Why is someArray.forEach { _ in ... } faster than someRange.forEach { _ in ... } for same number of elements?

young · June 6, 2021, 9:47pm

I'm trying to measure the performance of some func:

    let randomNumbers = (1...10_000_000).map { _ in Int.random(in: 0...999) }
    let number = Int.max

        self.measure {
// Time: 2.466 sec
            randomNumbers.forEach { _ in
                let _ = number.digits2
                let _ = number.digits2
                let _ = number.digits2
            }
        }


// vs.


        self.measure {
// Time: 4.389 sec
            (1...10_000_000).forEach { _ in
                let _ = number.digits2
                let _ = number.digits2
                let _ = number.digits2
            }
        }

the second measure is much slower

Int.digits2

extension Int {
    var digits: Int {
        // Call this C func
        Int(count_digit(Int64(self)))
    }

    var digits2: Int {
        self < 10 ? 1 :
        self < 100 ? 2 :
        self < 1_000 ? 3 :
        self < 10_000 ? 4 :
        self < 100_000 ? 5 :
        self < 1_000_000 ? 6 :
        self < 10_000_000 ? 7 :
        self < 100_000_000 ? 8 :
        self < 1_000_000_000 ? 9 :
        self < 10_000_000_000 ? 10 :
        self < 100_000_000_000 ? 11 :
        self < 1_000_000_000_000 ? 12 :
        self < 10_000_000_000_000 ? 13 :
        self < 100_000_000_000_000 ? 14 :
        self < 1_000_000_000_000_000 ? 15 :
        self < 10_000_000_000_000_000 ? 16 :
        self < 100_000_000_000_000_000 ? 17 :
        self < 1_000_000_000_000_000_000 ? 18 :
        19
    }
}

Ben_Cohen · June 6, 2021, 11:31pm

Are you asking about debug performance not release?

young · June 6, 2021, 11:35pm

Oh, is the diff is because debug build?

I thought the two should generate the same code. But even if it's different, the Range one for should be faster but it's actually slower.

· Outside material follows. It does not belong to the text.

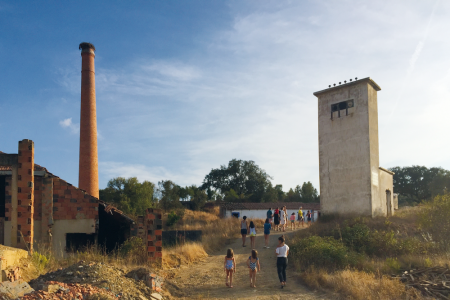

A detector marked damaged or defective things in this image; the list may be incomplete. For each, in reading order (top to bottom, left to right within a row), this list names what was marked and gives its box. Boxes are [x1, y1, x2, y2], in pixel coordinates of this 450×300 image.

broken window [330, 99, 356, 119]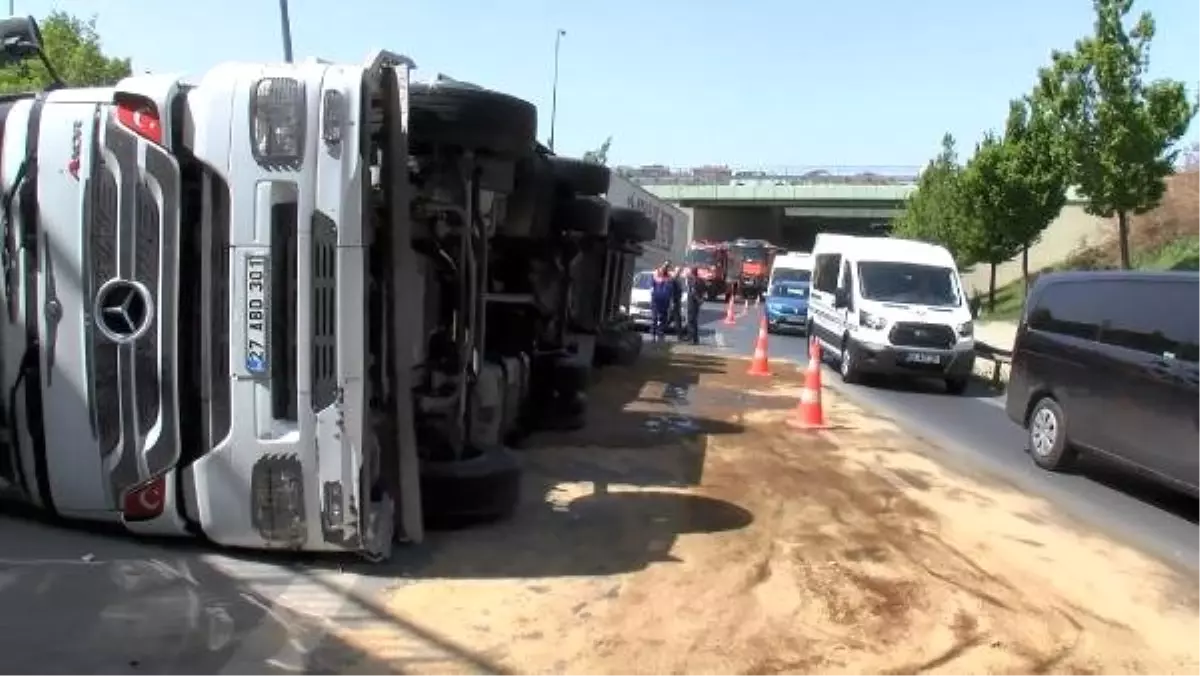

Ben_Cohen · June 6, 2021, 11:40pm

In debug, the compiler won't specialize the underlying implementation of generic types, or eliminate bounds checks or other redundant work. This is massively inefficient for supposed "zero-cost" abstractions like 0...n or forEach (btw, I'd suggest you don't use forEach for this, just use a for loop - not a performance thing, just a style thing).

It so happens the abstractions for ClosedRange<Int> underperforms Array<Int> in these circumstances. The compiler does actually have some hacks in it that "pre-specialize" certain optimizations even in debug, and it may be the array version is benefiting from these.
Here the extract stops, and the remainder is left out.